§ **Exercise**
Every record needs to be repeated exactly; its pictures do not.

§ **Dataset entries**
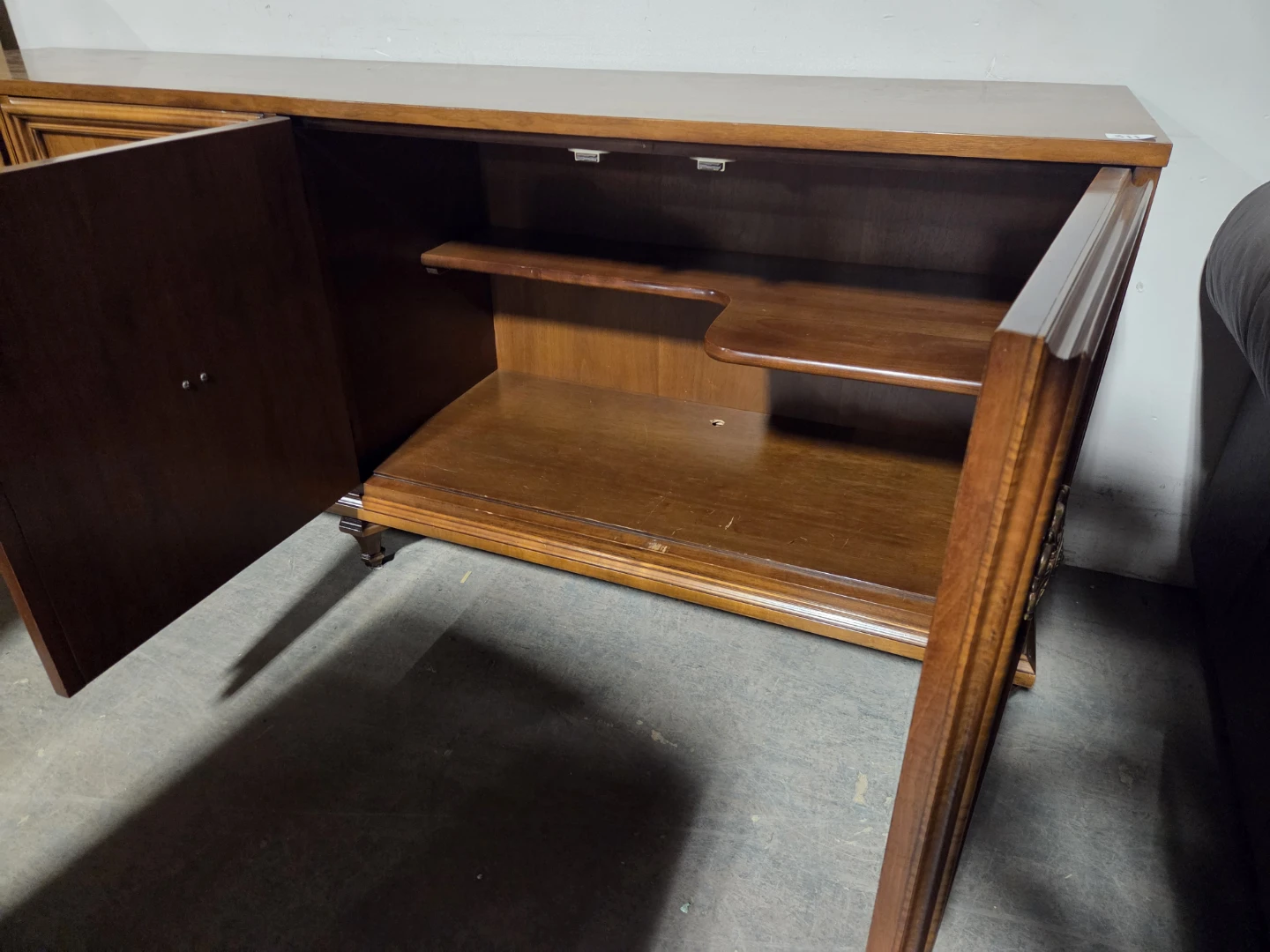 MCM Cinnamon Walnut Pepplers Sideboard/Credenza - photo 3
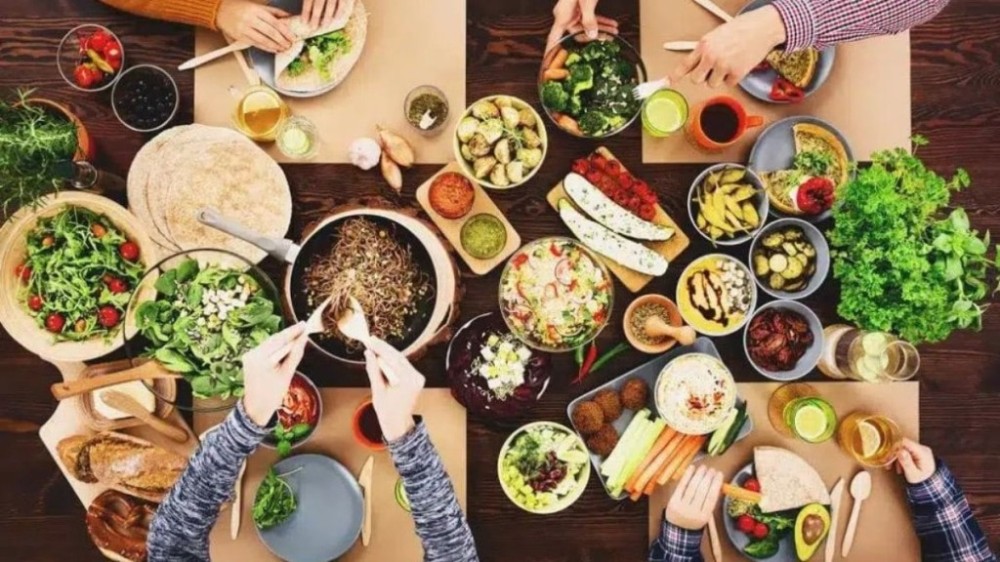 Projeto obriga órgãos públicos a oferecer opções veganas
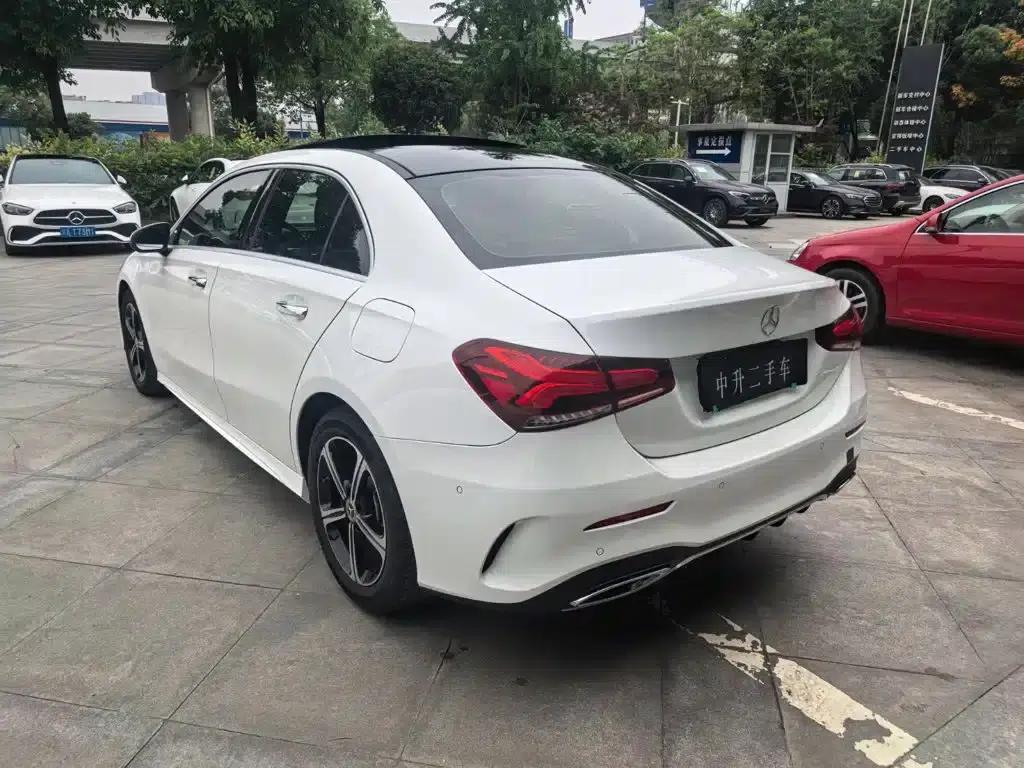 Mercedes-Benz A-Class 2022 Facelift A 200 L Sport Sedan Fashion Model — миниатюра 3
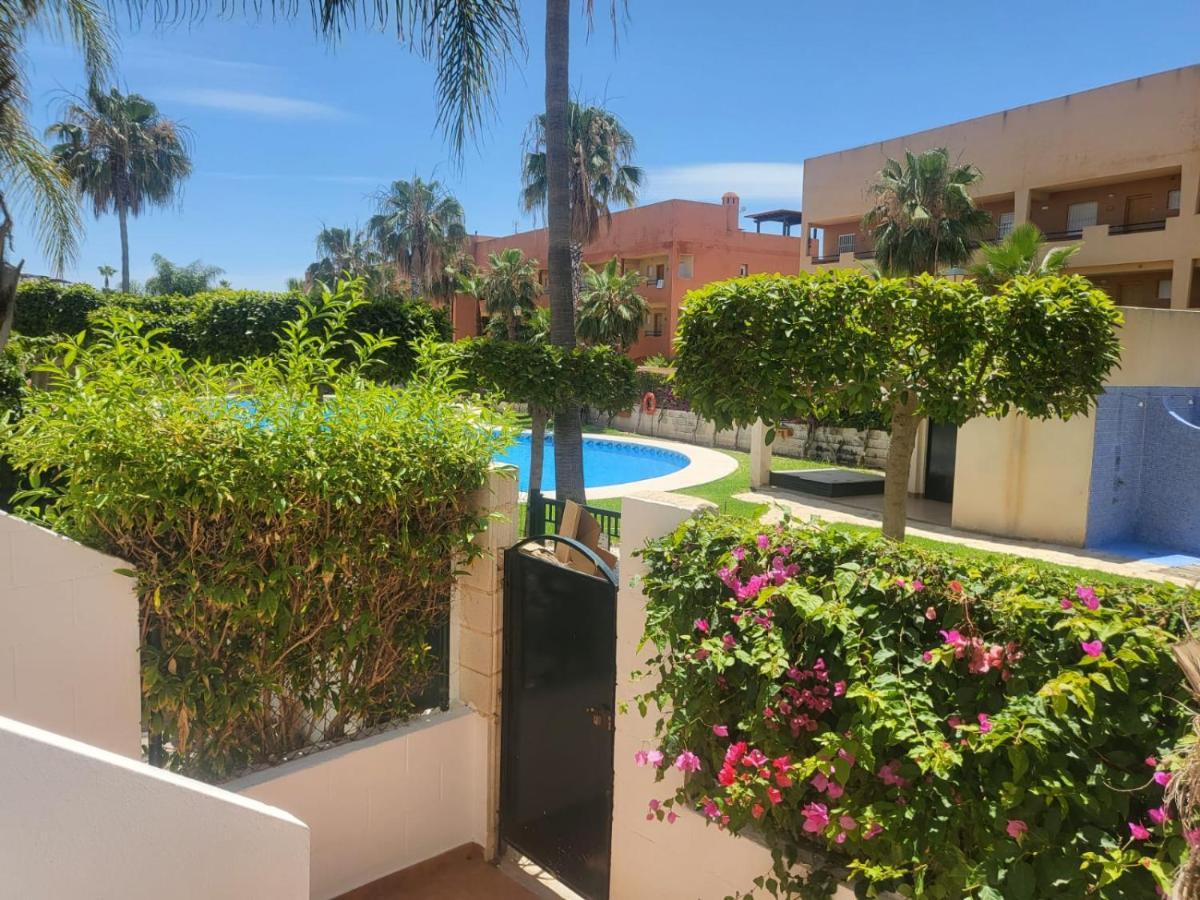 ¡Bajo Precioso Con Salida Directa A La Piscina Comunitaria En Paraiso De Vera! Exterior foto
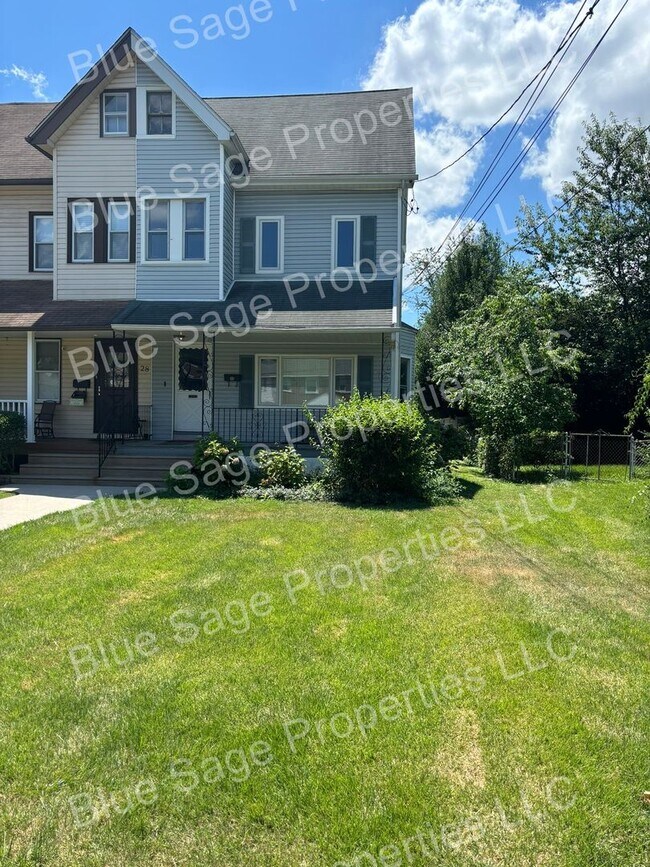 Building Photo - 26 Stratford Ave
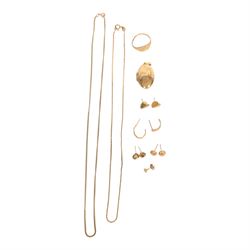 9ct gold jewellery, comprising signet ring, three pairs of stud earrings, single earrings,...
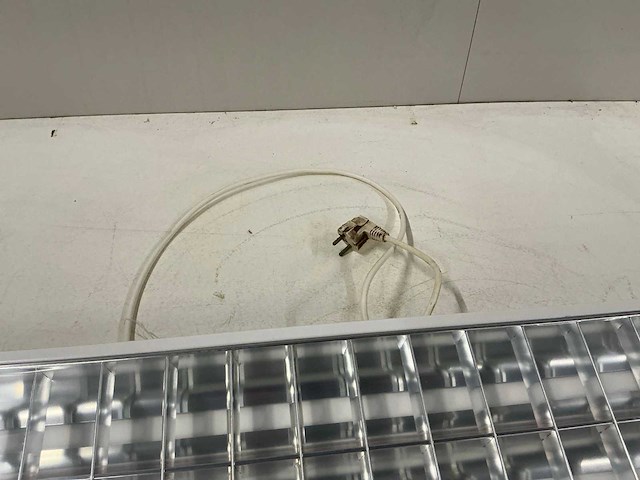 Intra lighting demis mp 2x35w eb (8x) “ongebruikt” - afbeelding 4 van  4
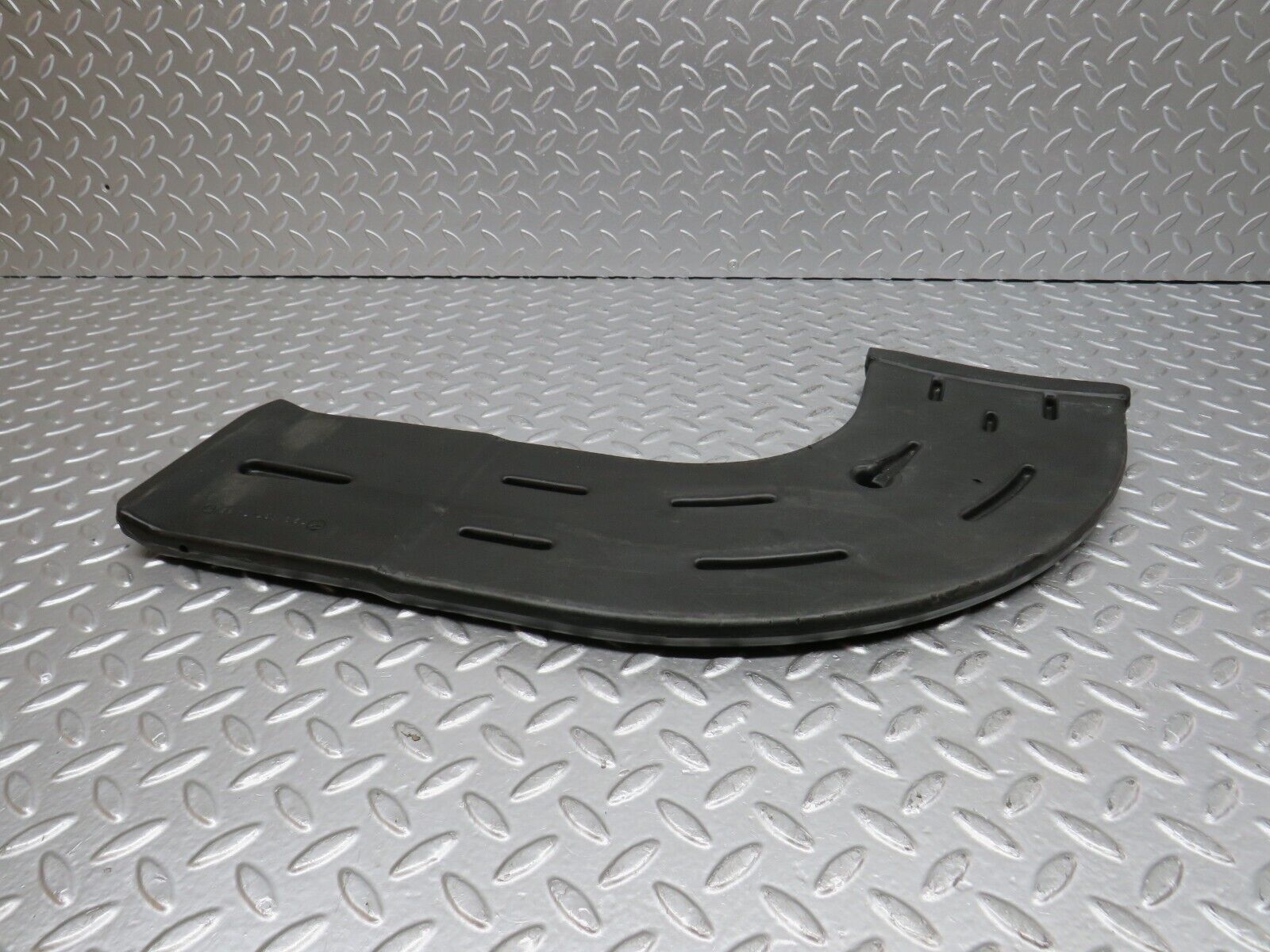 0491 Mercedes-Benz W123 230E Air Duct Heater Ventilation Right 1238311046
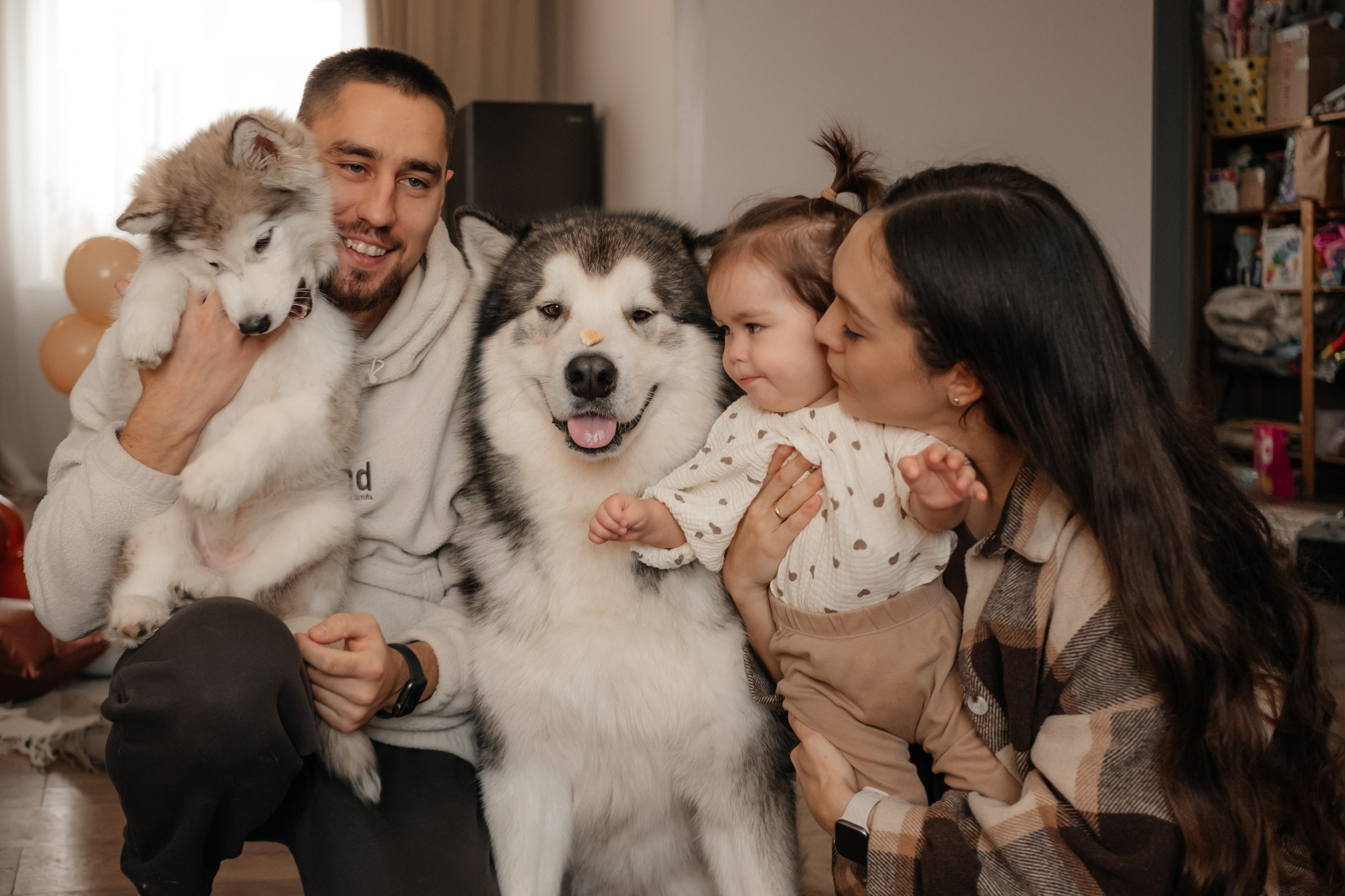 Катя, Саша и Еся | домашняя съемка. Фотограф в Новосибирске Диана Ильиных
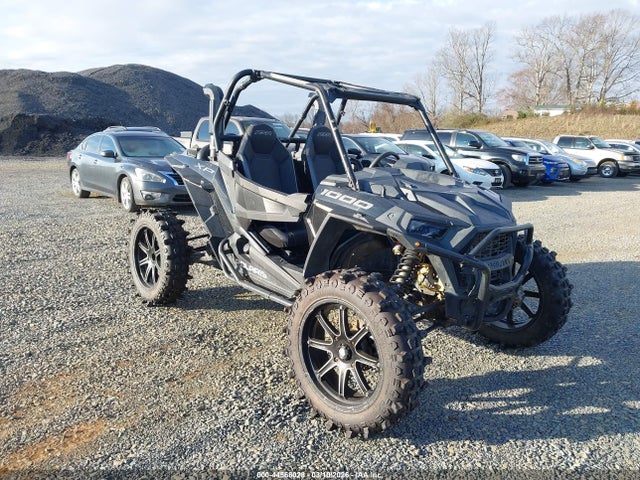 2023 POLARIS RZR 3NSNAE996PH424024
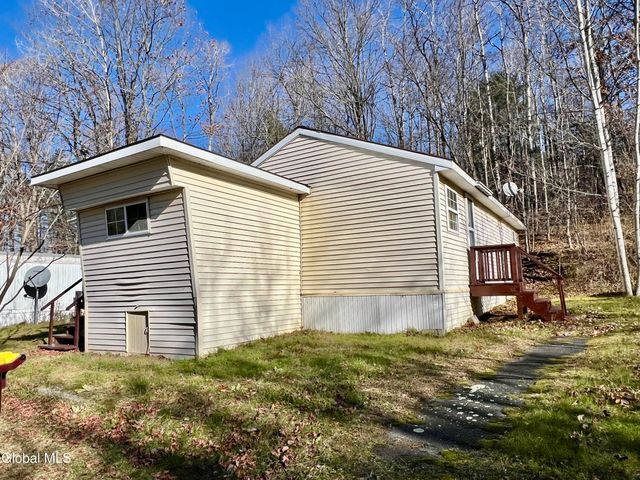 3-15 Whitney Way, East Greenbush, NY 12061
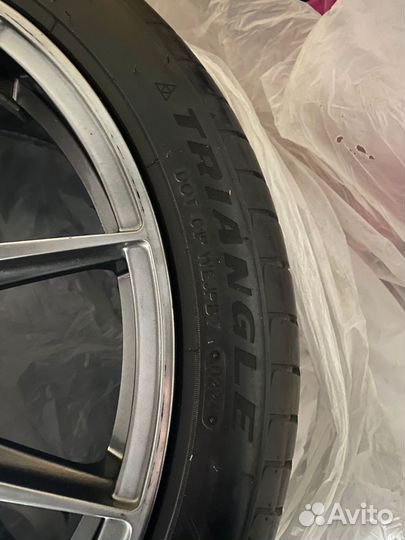 Triangle EffeXSport TH202 235/40 R19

§ **Result**
 MCM Cinnamon Walnut Pepplers Sideboard/Credenza - photo 3
 Projeto obriga órgãos públicos a oferecer opções veganas
 Mercedes-Benz A-Class 2022 Facelift A 200 L Sport Sedan Fashion Model — миниатюра 3
 ¡Bajo Precioso Con Salida Directa A La Piscina Comunitaria En Paraiso De Vera! Exterior foto
 Building Photo - 26 Stratford Ave
 9ct gold jewellery, comprising signet ring, three pairs of stud earrings, single earrings,...
 Intra lighting demis mp 2x35w eb (8x) “ongebruikt” - afbeelding 4 van  4
 0491 Mercedes-Benz W123 230E Air Duct Heater Ventilation Right 1238311046
 Катя, Саша и Еся | домашняя съемка. Фотограф в Новосибирске Диана Ильиных
 2023 POLARIS RZR 3NSNAE996PH424024
 3-15 Whitney Way, East Greenbush, NY 12061
 Triangle EffeXSport TH202 235/40 R19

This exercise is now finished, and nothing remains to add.